Y llegamos al tema de la violencia. En esta segunda temporada, la brutalidad se ha convertido en el eje central de la serie, pero no de una manera reflexiva o provocadora, sino gratuita. Hay una delgada línea entre la crítica social y el sensacionalismo, y El juego del calamar la cruza con la elegancia de un tertuliano haciendo méritos en un programa de media tarde en televisión. Las muertes, lejos de impactar, terminan generando un extraño bostezo colectivo. ¡Ah, otra vez alguien explota en mil pedazos! Pasemos al siguiente. La crítica social también es de parvulario. La primera temporada tenía algo de sutil: señalaba las injusticias del sistema con cierto ingenio. La segunda opta por el martillo. Los ricos son malvados, los pobres son víctimas, y no hay espacio para matices si no vas paseando por Collbató. Al final, la serie cae en la misma trampa que intenta denunciar: convertir el sufrimiento humano en entretenimiento para masas.

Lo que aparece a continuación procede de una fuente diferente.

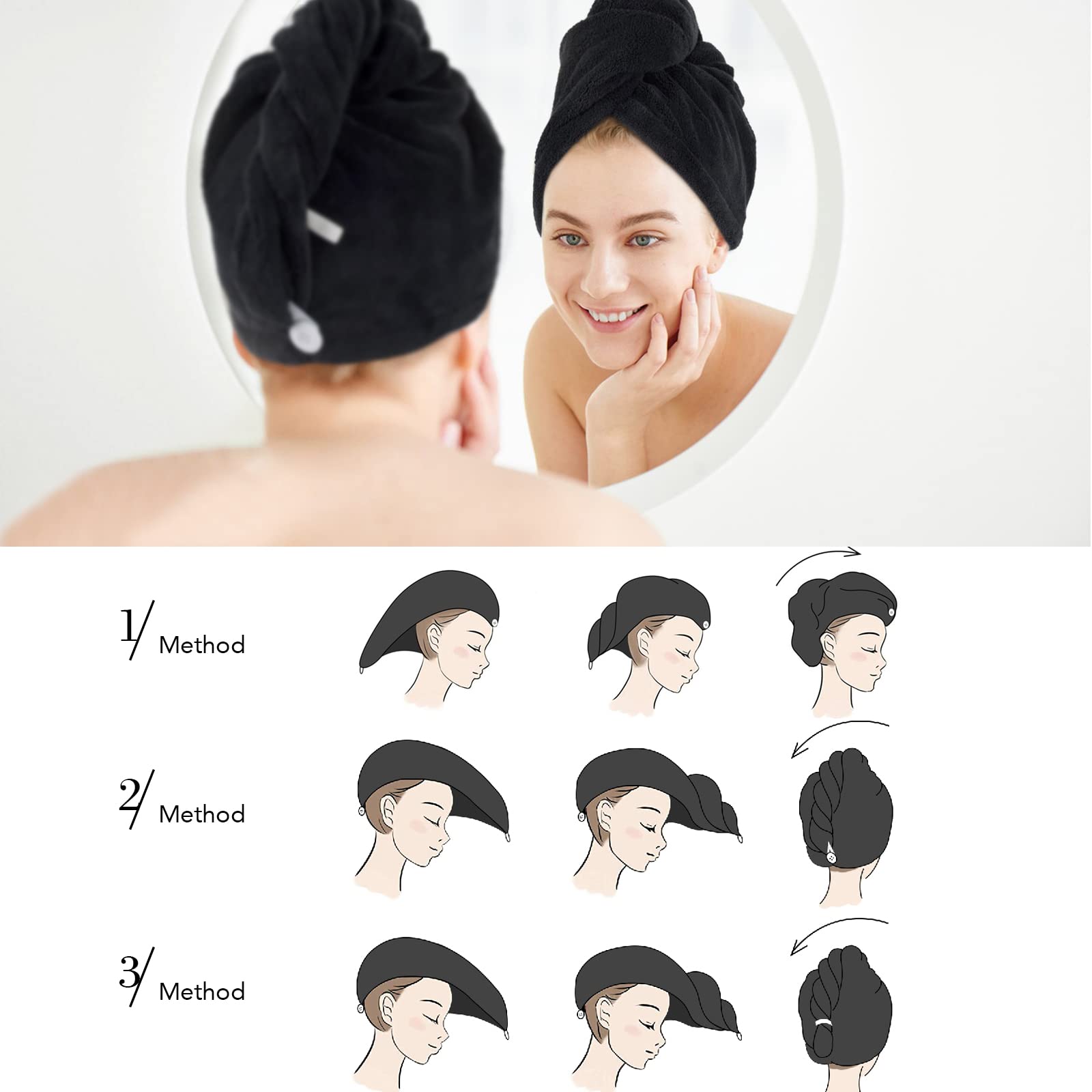 **SINLAND Microfiber Hair Drying Cap - Super Absorbent & Quick Dry Hair Towel Turban for Women (3 Pack, Black) - Perfect for Post-Shower, Salon, Travel & Home Use**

Puestos a elegir un «Battle Royale», antes que sentarse a ver el escaparate de obviedades que es El juego del calamar, invito a los lectores a que descubran la japonesa Alice in Borderland, un laberinto intelectual a medio camino entre Cube y Mad Max que desafía al espectador. Esta serie, con su Tokio desierto y postapocalíptico, no se contenta con lanzar críticas sociales prefabricadas. No, aquí la narrativa se sumerge en el existencialismo, la naturaleza de la humanidad y los límites de la moralidad cuando se enfrentan a la pura supervivencia.

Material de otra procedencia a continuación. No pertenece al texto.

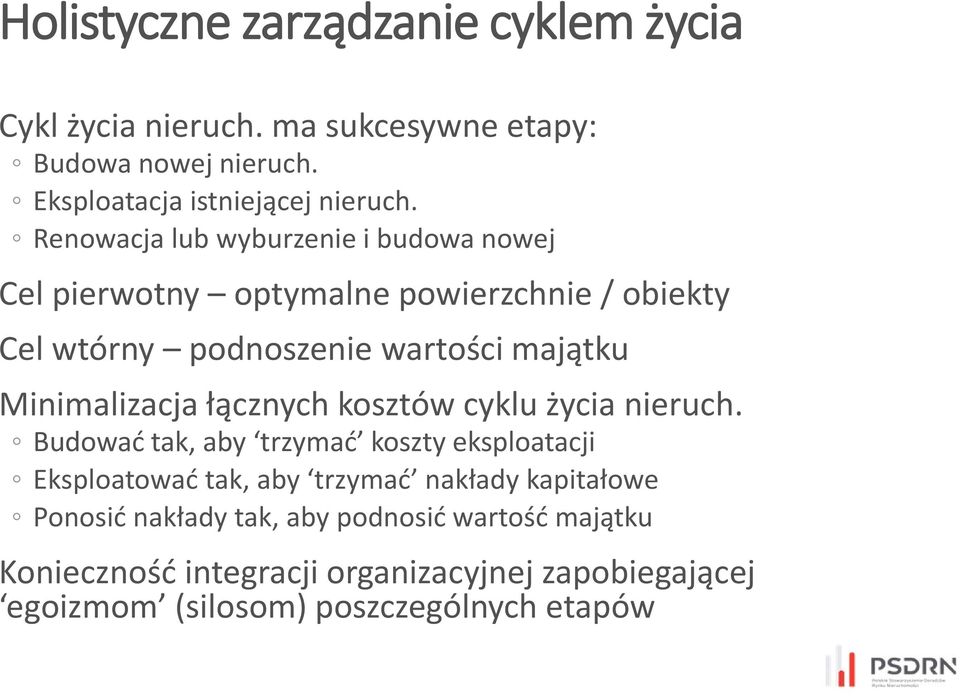 Minimalizacja łącznych kosztów cyklu życia nieruch.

La estética de Alice in Borderland es menos llamativa, pero infinitamente más inmersiva. Los escenarios, que mezclan la devastación con lo mundano, invitan a la reflexión y al desconcierto. Los juegos, lejos de ser una simple excusa para la violencia, son puzles meticulosamente diseñados que exploran la inteligencia, el trabajo en equipo y la psicología humana. Y los personajes, ah, los personajes. Arisu y Usagi son mucho más que vehículos narrativos; son seres humanos tridimensionales cuya evolución emocional y psicológica es tan importante como la trama misma. Mientras El juego del calamar parece concebido para provocar frases exclamativas que acaban en «Bro!», Alice in Borderland está hecha para debates frikis donde cada prueba se analiza científicamente y cada silencio cómplice se interpreta como si fuera una viñeta de Alan Moore.

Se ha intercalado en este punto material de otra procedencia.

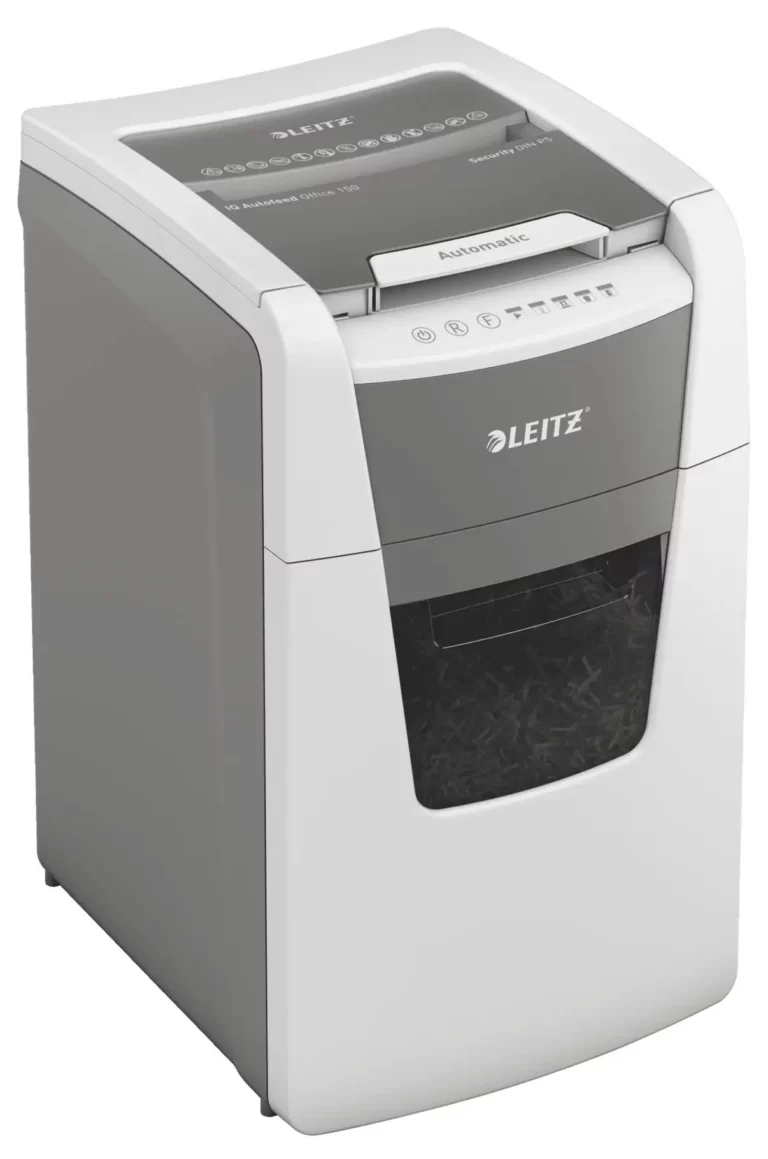 LEITZ Aktenvernichter IQ Autofeed Office 150 Mikroschnitt P5 weiß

Con la llegada de la segunda temporada de ambas series, las diferencias se hacen aún más evidentes. La nueva entrega de El juego del calamar sigue con sus traiciones predecibles, más vueltas de tuerca que se ven venir a un parsec de distancia e introduce como novedad al mundo cripto como nuevo reino de Hades. Es entretenida, sí, especialmente para adolescentes de 14 a 50 años, pero también agotadora en su insistencia por repetir los mismos trucos que la hicieron famosa. En cambio, la segunda temporada de Alice in Borderland profundiza en sus temas centrales y lleva a sus personajes a terrenos aún más oscuros y complejos. La serie no tiene miedo de reinventarse, de explorar nuevas dinámicas, de empujar los límites de su narrativa y, sobre todo, tiene al Rey de tréboles que es un gusto verlo.
N.A.: Aprovechado que es 28 de diciembre me he permitido publicar esta reseña sin ver la temporada 2 de la serie basándome en los comentarios de un adolescente. No way.